What are the recommended approaches for crystallizing membrane-associated proteins like UPF0421 BA_2743?

Crystallizing potential membrane proteins like UPF0421 BA_2743 presents significant challenges that require specialized techniques:

Detergent screening approach:

• Solubilize the purified protein in a panel of detergents ranging from mild (DDM, LMNG) to harsh (OG, LDAO)

• Assess protein stability and monodispersity by size exclusion chromatography in each detergent

• Perform thermal stability assays (DSF/nanoDSF) to identify conditions that maximize protein stability

• Proceed with crystallization trials using detergents that yield stable, monodispersic protein

Lipidic cubic phase (LCP) method:

• Reconstitute protein in monoolein or other suitable lipid matrices

• Set up in meso crystallization trials with various precipitants

• Monitor crystal formation using cross-polarized light microscopy

• Harvest crystals directly from LCP for X-ray diffraction

Alternative membrane mimetics:

• Nanodiscs with defined lipid composition

• Amphipols (A8-35 or PMAL-C8)

• Styrene maleic acid lipid particles (SMALPs)

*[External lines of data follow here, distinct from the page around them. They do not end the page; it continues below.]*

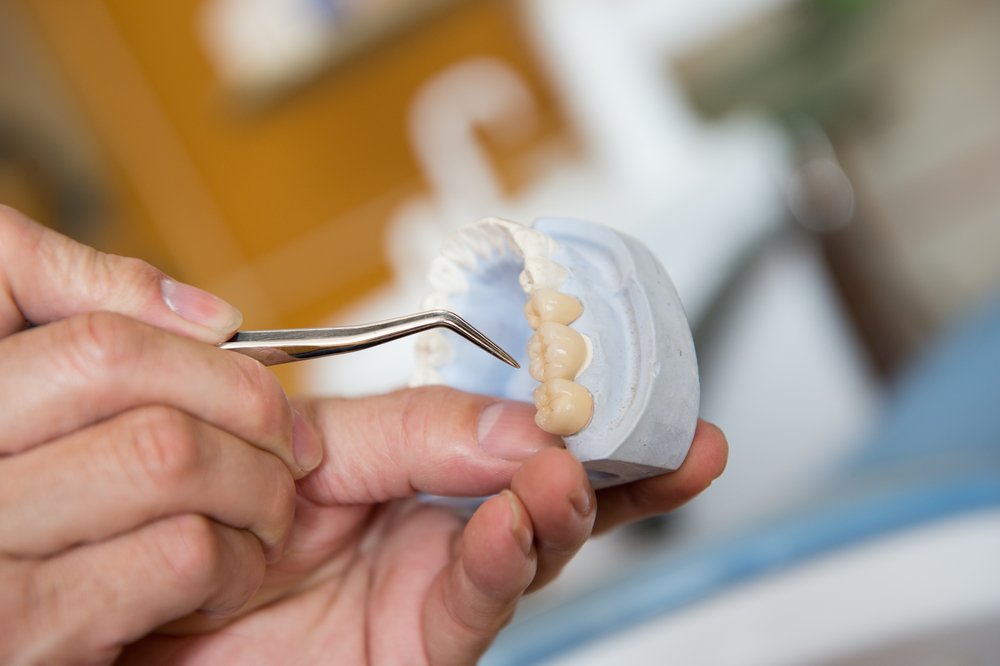 how long should dentures last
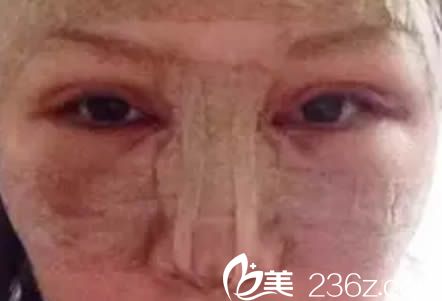 做完双眼皮和假体隆鼻第2天的样子 做完双眼皮和假体隆鼻第2天的样子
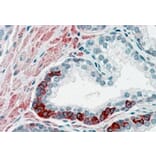 Immunohistochemistry - Anti-ADAM12 Antibody (A83260) - Antibodies.com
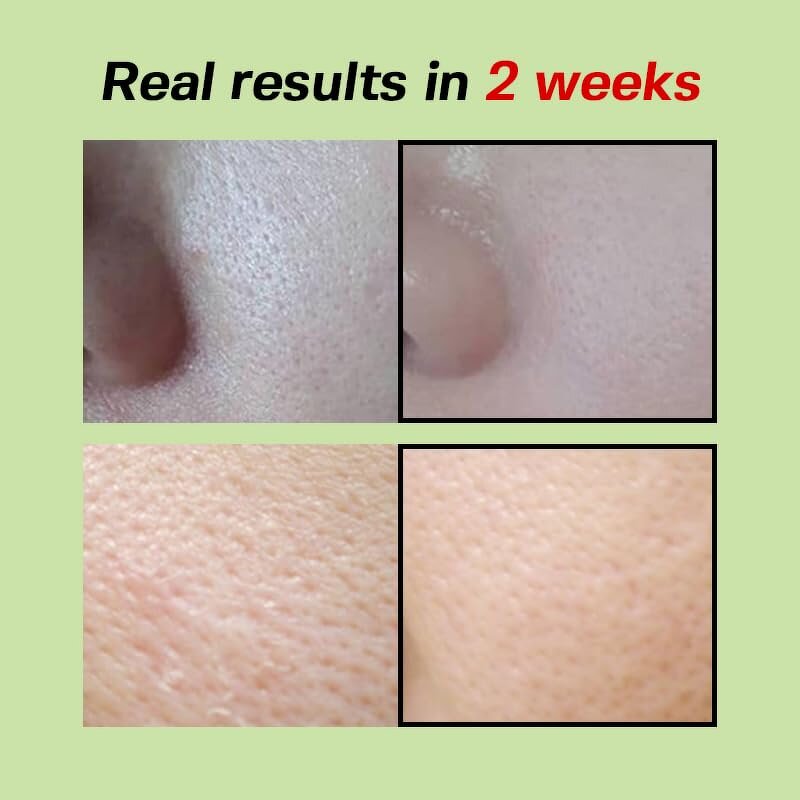 Face Serum Manufacturer - 30ml Tightening Smoothing Firming Deep Hydration Green Tomato & Private Label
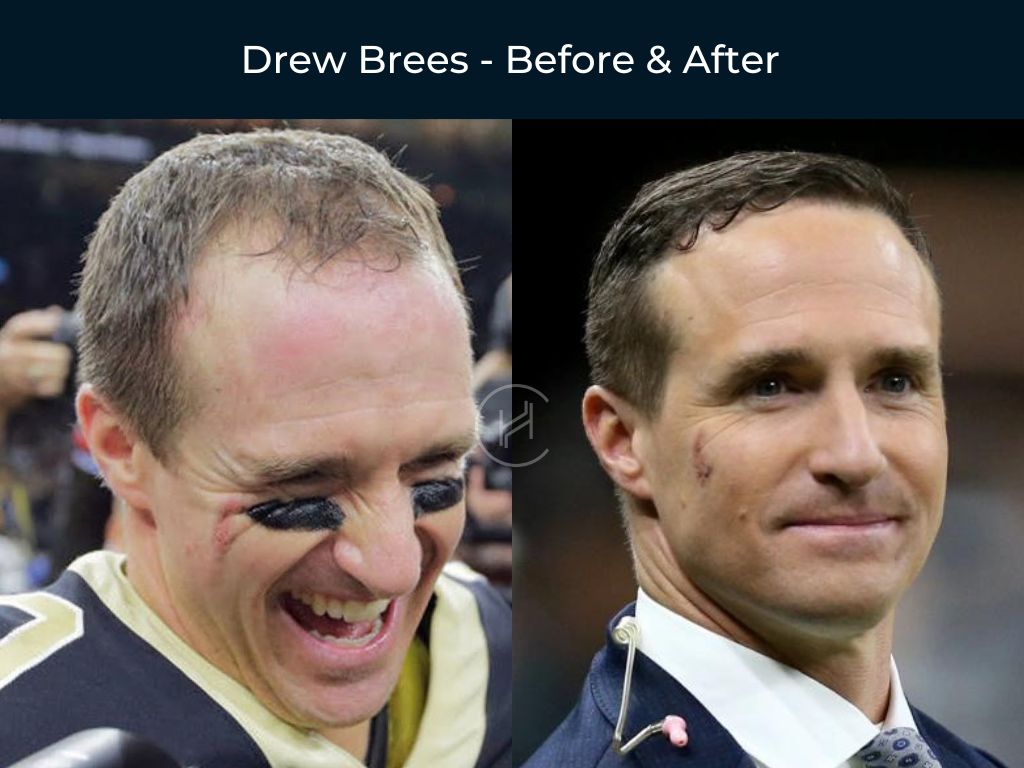 tom brady hair transplant before after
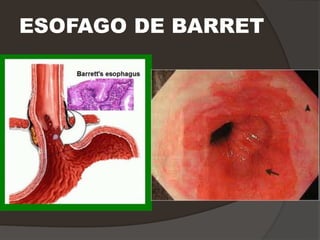 ESOFAGO DE BARRET
 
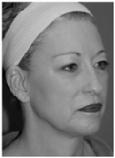 THE McCOLLOUGH FACE LIFTING CLASSIFICATION SYSTEM Face lift is the term commonly used to describe a surgical procedure better known in medical circles as rhytidectomy (removal of loose, wrinkled skin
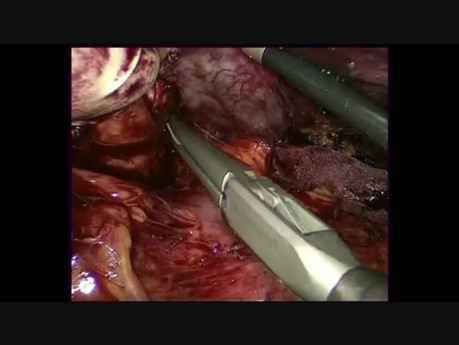 Esplenectomía laparoscópica asistida con la mano con resección multiorgánica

• Peptide-based detergents (peptergents)

Protein engineering strategies:

• Truncation of flexible domains while retaining core structure

• Fusion with crystallization chaperones (T4 lysozyme, BRIL)

• Surface entropy reduction through strategic mutation of surface residues

• Antibody fragment (Fab/nanobody) co-crystallization to provide crystal contacts

The methodological combination of these approaches has proven successful for crystallizing challenging membrane proteins and could be adapted specifically for UPF0421 BA_2743.